The benefits -- and risks -- of multiple GRC tools
GRC experts are quick to point out that typically, no single product will meet 100% of an organization's GRC needs. Many GRC platforms support a wide range of use cases, and some vendors are stronger in certain areas than in others. That may mean different departments end up implementing different GRC tools. If this happens, it's vital to take into account the overarching goals of the organization's GRC program, its objectives and how the tools will support these goals.
"If a modular product is to be purchased, risk can be mitigated by deploying one module, integrating it, capturing lessons learned and then applying those to the next module," Durbin said. "If this is not possible and tradeoffs have to be made, a pilot deployment may assist in determining how best to implement the tool and understand the impacts of those tradeoffs."
The lack of holistic solutions creates its own risks to consider, however. Scott Peeler, managing director at New York-based digital risk management and investigation firm Stroz Friedberg, notes that using multiple vendors with different products may not provide the complete GRC overlap the company is seeking.
"In the end, they buy solutions that they have to spend a lot of time managing," Peeler said. "The converse is they hold off making a decision, which leaves them additionally exposed."
Companies should consider the compliance areas that most often keep them up at night, and develop their top four or five compliance priorities. Companies can then further determine details such as deadlines and budget considerations, Peeler said.
"By teasing out the wish list for the next few years' budgets, they can steer toward a tool or tools that can help most," Peeler said.
It's important for organizations to address a few concerns up front, such as how the tools or tools specifically address and provide value to an overall compliance risk mitigation strategy, Peeler said. Another factor is how holistic each specific tool is -- in other words, where does the GRC value run out?
"I think, a lot of times, there's a reluctance [to buy tools from multiple vendors] because they think they are buying a partial solution," Peeler said. "They're putting a fence up on one side of their property but they are still leaving three sides open, and I think there is a great frustration with that."
Of course, it still comes back to selecting the vendor -- or vendors -- that are most relevant to your organization's needs. Caldwell said businesses should ultimately avoid choosing vendors based only on name recognition, and instead consider a smaller operation if it has experience in their specific industry, or is located in an area that makes sense geographically. For example, a midsize bank based in the Netherlands with minimal global reach would probably be best served by a local GRC vendor that would be most responsive to its needs, Caldwell said.

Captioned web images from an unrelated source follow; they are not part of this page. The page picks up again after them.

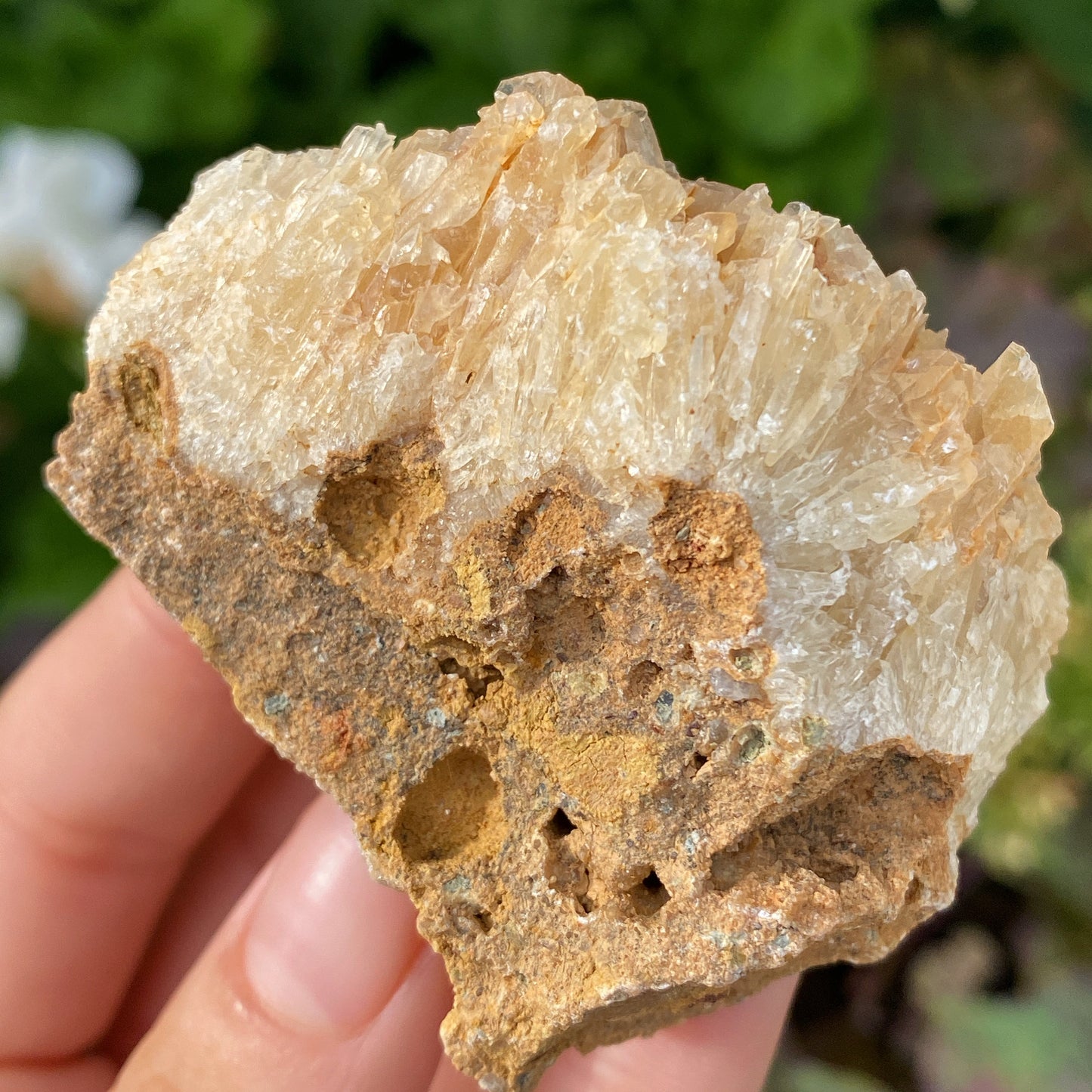 Portuguese Raw Honey Calcite #14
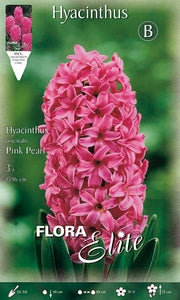 GIACINTO PINK PEARL (CONFEZIONE DA 3 BULBI)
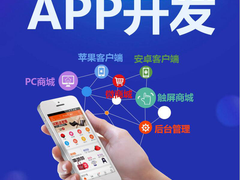 临沂系统开发公司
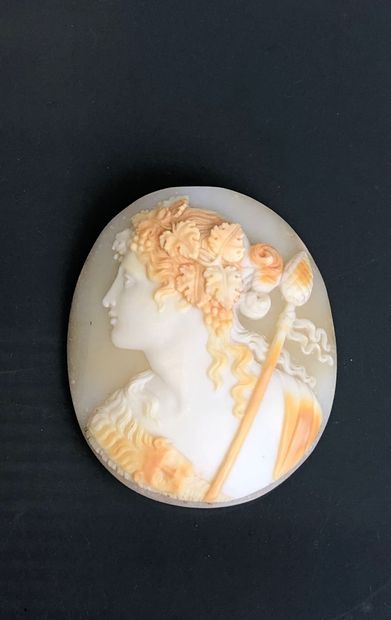 Shell cameo engraved with the bust of Bacchus...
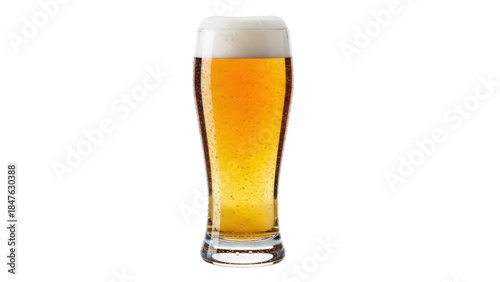 Isolated glass of light beer with frothy head ready to drink in bar on a sunny day party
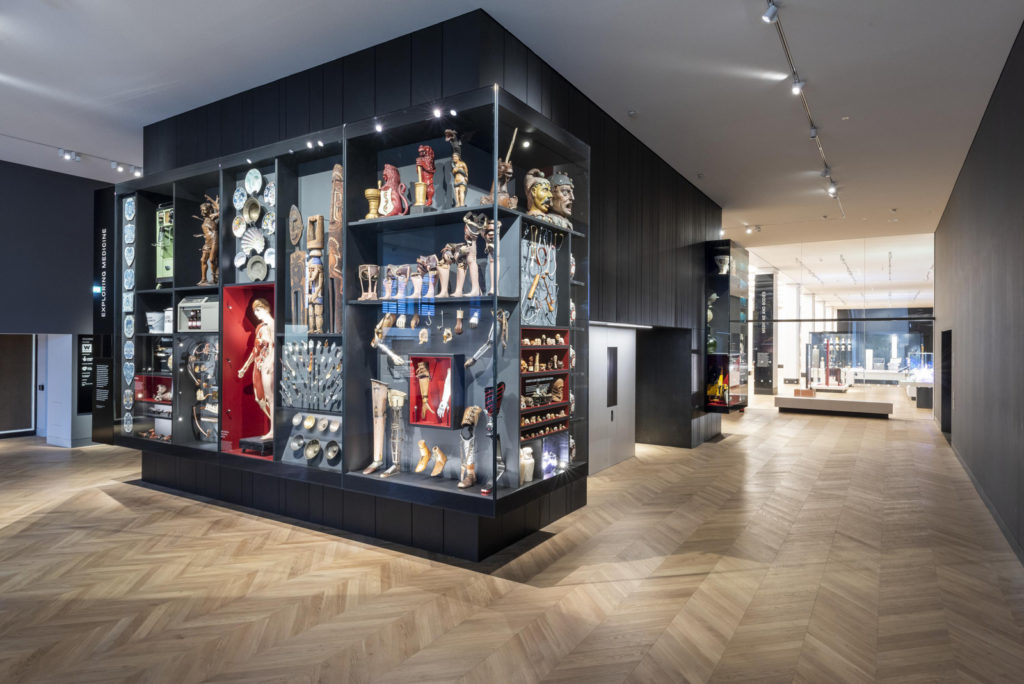 Colour photograph of a gallery view of Exploring Wellcome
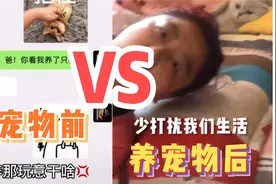 父母不让养宠物大型真香现场！你只管把我带回家，剩下的交给我！视频封面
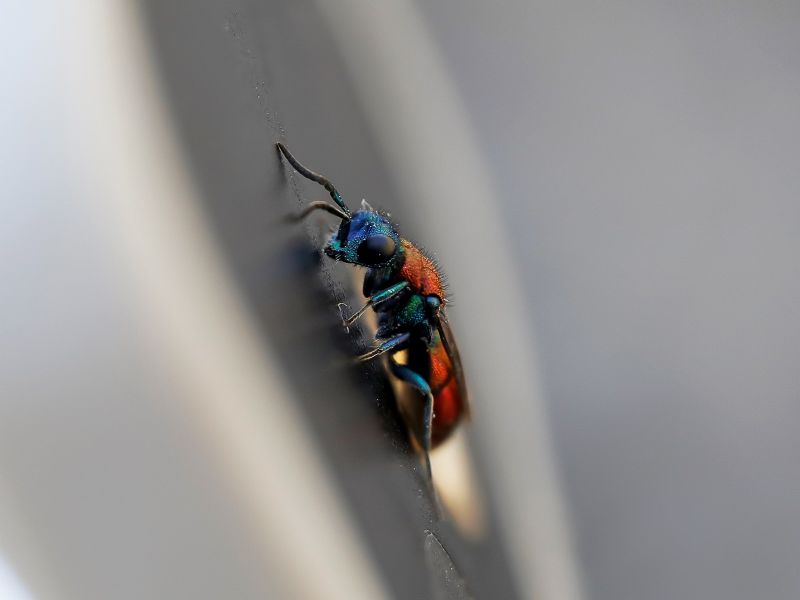Chrysididae: Chrysura gruppo dichroa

To further vet potential GRC-tool candidates, Caldwell recommends that organizations present a "script" for the vendor to follow during the selection process, rather than just request a demo.
"Instead of just giving the vendor carte blanche to just come in and do whatever they want, think about how you are going to be using these tools and write out the script telling the vendor exactly what you want to see," Caldwell said.
More on GRC buying decisions
Navigating the complex GRC technology world
JOBS Act has minimal impact on GRC tools – for now
The script could outline specifics, such as "a day in the life" of auditors, compliance managers or anybody else who would be using the tool. Asking basic questions, such as exactly how employees will be using and interacting with the tool, is hugely beneficial when making a decision, Caldwell said.
"Script that out and have the vendor demo against that script," Caldwell said. "That would give you a much better idea on whether something is a truly going to be a capability that our people will use because we understand it, it makes sense, or whether it looks clumsy, difficult and challenging."